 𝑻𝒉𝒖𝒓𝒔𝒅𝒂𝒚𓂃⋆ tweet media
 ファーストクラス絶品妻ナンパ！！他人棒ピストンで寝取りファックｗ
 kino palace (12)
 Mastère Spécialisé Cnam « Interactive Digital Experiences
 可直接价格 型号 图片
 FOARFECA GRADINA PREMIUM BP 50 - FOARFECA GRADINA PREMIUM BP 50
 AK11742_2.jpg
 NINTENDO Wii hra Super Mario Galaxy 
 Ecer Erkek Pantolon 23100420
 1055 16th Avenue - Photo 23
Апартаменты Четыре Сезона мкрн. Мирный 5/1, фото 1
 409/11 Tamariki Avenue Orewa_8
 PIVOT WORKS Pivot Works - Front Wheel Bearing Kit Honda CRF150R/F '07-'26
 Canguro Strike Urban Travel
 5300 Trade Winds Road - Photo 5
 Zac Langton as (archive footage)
==
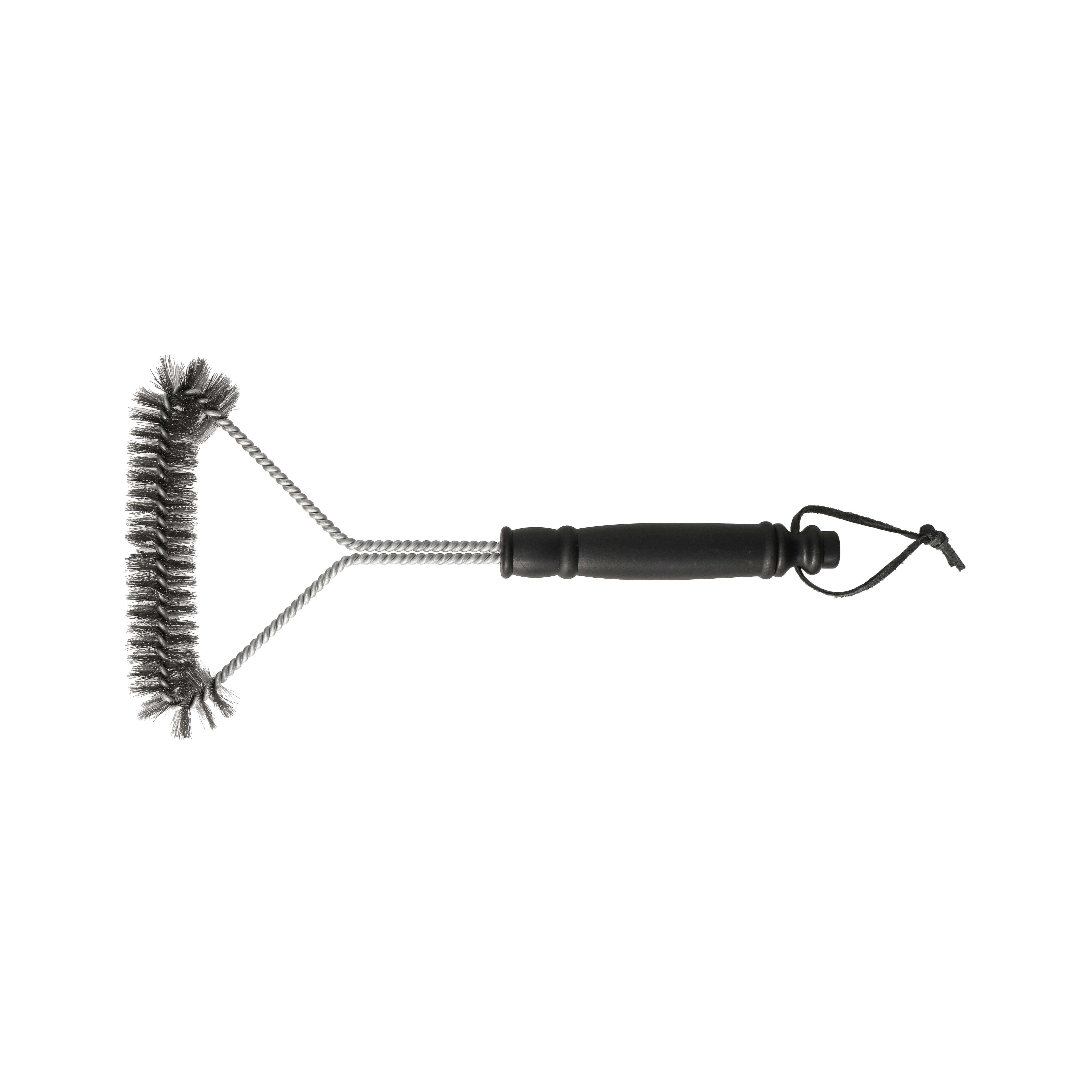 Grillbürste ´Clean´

• _What you need to do_:
Give back the records above exactly, limited to the lines between the one holding "可直接价格 型号 图片" and the one holding "Zac Langton as (archive footage)", inclusive.

• _Completed task_:
 可直接价格 型号 图片
 FOARFECA GRADINA PREMIUM BP 50 - FOARFECA GRADINA PREMIUM BP 50
 AK11742_2.jpg
 NINTENDO Wii hra Super Mario Galaxy 
 Ecer Erkek Pantolon 23100420
 1055 16th Avenue - Photo 23
Апартаменты Четыре Сезона мкрн. Мирный 5/1, фото 1
 409/11 Tamariki Avenue Orewa_8
 PIVOT WORKS Pivot Works - Front Wheel Bearing Kit Honda CRF150R/F '07-'26
 Canguro Strike Urban Travel
 5300 Trade Winds Road - Photo 5
 Zac Langton as (archive footage)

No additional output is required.